California Watch has launched a new website, with a focus on enabling readers to learn more and take action on the investigations its team pursues.
The new website includes investigative stories by journalists from California Watch, which is a non-profit investigative news project of the Center for Investigative Reporting (CIR), and a blog related to the beats that its reporters cover.
It also has databases and research centres that readers can access directly, with information such as campaign finance records, crime statistics, school attendance rates, and environmental clean up sites. For example, reports submitted to the U.S. government by recipients of the stimulus funds are available for searching on the site. There are also sections with contact information for public officials, advice on accessing public records and insights from reporters on the news gathering process.

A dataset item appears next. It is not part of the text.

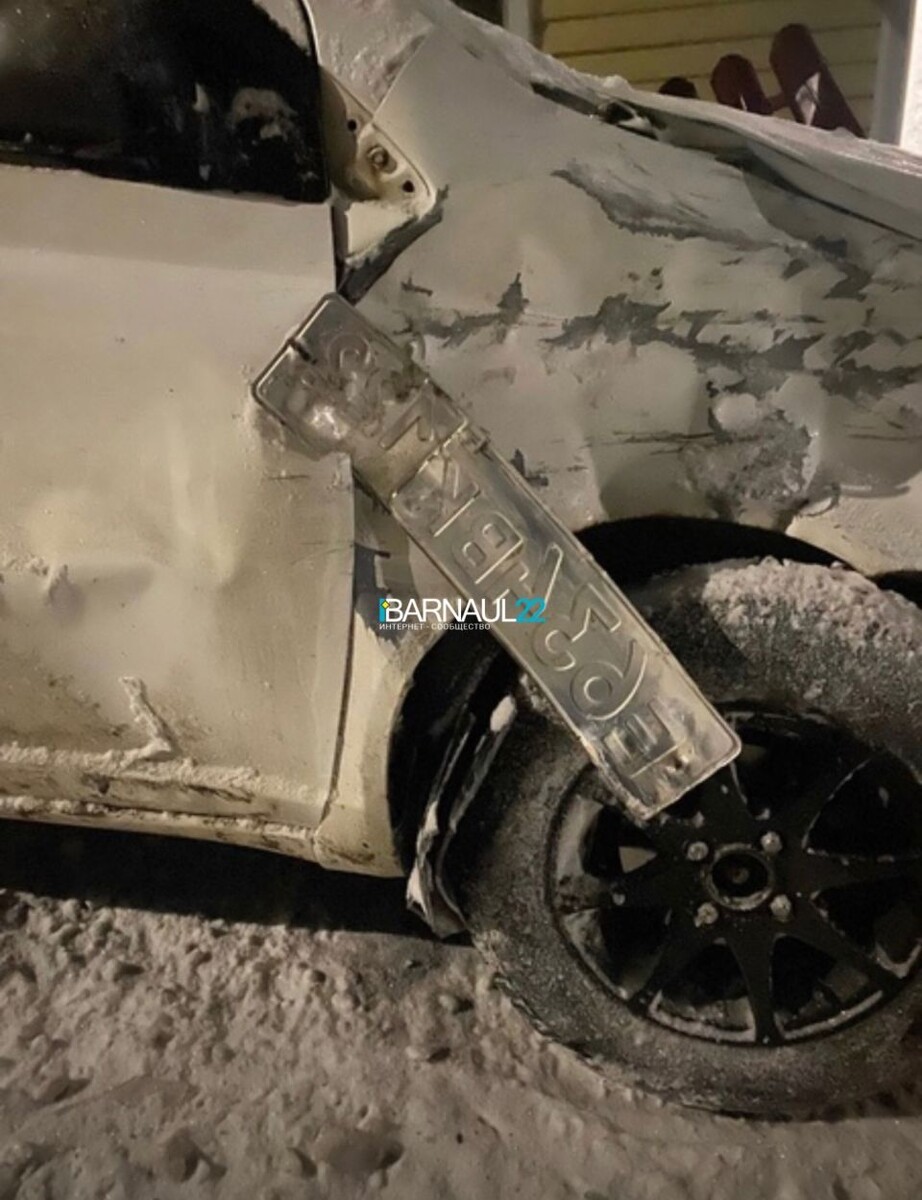    ДТП на ул. Ломоносова. Источник: vk.com/barneos22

The idea is that readers can access the information that interests them, whether about their local area or their preferred topics, and take action.
CIR executive director Robert Rosenthal said that his centre would continue to produce investigative journalism on national and international topics, while also focusing on stories that were important to the people of California.
"We've created an investigative reporting team for California that will not only expose corruption and wrongdoing, but will spark debate and give people the tools to learn more and identify solutions that will hopefully improve the quality of life in the state," he said.
California Watch has a 13-person editorial team and was launched last year to as a new model for regional investigative reporting. Their plan to adopt a syndication-fee model differs from other non-profit news organisations such as ProPublica and the Texas Tribune. Its stories are distributed widely through collaborative relationships with local and regional news publishers across California.
It already seems to be a success story, with front page stories published across the state before the official launch in December. And any projects supporting investigative reporting are clearly important work. It remains to be seen, however, whether the non-profit business model can be sustainable.